**Task description**
State only how many lines of the records contain the string "wearing".

* * * * *

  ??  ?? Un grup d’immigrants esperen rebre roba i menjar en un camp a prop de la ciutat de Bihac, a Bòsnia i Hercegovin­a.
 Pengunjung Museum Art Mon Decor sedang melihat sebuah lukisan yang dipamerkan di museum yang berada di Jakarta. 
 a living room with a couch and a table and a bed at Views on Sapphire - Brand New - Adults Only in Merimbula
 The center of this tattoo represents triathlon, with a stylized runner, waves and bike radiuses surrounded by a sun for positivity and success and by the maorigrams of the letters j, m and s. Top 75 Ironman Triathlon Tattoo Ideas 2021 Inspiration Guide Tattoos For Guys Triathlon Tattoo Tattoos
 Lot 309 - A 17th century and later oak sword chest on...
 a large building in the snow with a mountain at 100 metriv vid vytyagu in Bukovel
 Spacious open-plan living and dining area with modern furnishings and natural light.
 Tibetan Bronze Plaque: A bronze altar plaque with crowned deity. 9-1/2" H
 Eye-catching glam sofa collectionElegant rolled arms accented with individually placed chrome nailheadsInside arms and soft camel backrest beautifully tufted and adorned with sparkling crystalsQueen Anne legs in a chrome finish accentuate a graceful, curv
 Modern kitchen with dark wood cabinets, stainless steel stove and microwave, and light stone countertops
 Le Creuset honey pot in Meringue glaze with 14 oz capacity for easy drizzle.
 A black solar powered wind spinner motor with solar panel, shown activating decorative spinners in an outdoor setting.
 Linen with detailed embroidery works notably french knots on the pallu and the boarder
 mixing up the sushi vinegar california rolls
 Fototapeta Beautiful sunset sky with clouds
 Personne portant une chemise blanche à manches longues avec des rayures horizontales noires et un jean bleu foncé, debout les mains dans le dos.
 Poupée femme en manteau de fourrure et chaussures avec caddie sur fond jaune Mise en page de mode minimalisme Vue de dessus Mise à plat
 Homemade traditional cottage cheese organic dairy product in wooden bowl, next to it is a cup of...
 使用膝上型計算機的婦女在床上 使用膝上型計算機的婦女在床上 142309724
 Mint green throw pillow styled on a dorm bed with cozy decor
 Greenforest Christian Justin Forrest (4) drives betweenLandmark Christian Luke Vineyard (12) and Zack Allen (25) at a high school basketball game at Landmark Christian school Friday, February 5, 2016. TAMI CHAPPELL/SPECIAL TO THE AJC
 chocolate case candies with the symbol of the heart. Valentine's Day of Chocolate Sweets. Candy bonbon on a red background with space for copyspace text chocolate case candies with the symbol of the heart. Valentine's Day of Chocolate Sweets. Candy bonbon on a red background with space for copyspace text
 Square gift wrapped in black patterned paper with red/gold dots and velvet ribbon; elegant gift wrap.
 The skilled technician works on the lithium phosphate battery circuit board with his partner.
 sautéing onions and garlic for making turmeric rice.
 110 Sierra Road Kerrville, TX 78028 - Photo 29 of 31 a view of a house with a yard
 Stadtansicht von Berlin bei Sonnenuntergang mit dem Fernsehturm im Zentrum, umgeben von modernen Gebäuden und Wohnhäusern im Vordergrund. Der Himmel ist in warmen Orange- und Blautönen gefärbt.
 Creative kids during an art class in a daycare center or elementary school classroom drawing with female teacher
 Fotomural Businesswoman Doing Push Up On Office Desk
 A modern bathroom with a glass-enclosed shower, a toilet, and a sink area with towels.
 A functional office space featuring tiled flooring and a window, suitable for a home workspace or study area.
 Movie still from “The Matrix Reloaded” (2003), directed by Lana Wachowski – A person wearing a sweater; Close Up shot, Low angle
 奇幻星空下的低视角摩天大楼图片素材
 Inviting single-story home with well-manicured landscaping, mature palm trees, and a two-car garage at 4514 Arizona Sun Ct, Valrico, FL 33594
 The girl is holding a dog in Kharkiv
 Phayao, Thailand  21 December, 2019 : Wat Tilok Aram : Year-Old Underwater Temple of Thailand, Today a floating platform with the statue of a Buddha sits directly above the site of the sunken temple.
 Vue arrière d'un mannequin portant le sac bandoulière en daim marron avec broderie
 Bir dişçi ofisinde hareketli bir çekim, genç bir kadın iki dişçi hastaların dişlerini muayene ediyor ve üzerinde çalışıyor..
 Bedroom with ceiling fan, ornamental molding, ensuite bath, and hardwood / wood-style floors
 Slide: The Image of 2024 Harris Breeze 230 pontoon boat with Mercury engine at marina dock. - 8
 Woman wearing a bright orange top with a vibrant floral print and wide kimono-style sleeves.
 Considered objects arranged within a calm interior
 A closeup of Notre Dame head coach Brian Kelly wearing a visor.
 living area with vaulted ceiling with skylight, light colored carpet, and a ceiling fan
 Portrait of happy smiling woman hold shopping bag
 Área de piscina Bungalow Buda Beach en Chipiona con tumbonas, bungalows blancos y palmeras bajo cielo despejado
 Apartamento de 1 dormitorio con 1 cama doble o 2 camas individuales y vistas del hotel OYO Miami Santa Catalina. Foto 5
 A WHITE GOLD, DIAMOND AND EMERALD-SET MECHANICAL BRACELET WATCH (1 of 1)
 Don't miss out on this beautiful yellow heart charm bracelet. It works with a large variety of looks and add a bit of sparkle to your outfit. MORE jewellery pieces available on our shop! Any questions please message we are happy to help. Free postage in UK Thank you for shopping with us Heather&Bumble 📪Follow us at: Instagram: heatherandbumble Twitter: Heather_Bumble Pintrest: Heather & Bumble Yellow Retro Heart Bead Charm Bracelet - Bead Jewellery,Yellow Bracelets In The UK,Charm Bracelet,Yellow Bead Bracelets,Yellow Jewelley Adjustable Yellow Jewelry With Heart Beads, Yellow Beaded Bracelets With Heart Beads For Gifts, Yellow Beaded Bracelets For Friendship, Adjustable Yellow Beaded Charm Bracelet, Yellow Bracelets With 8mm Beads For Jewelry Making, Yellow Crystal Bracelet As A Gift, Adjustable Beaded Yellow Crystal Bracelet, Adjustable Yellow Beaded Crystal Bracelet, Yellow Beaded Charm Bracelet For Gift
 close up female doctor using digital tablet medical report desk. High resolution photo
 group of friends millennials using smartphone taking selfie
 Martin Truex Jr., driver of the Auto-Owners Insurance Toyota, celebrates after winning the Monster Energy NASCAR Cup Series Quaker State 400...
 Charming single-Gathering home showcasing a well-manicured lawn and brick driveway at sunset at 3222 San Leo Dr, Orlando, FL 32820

* * * * *

**Exercise result**
3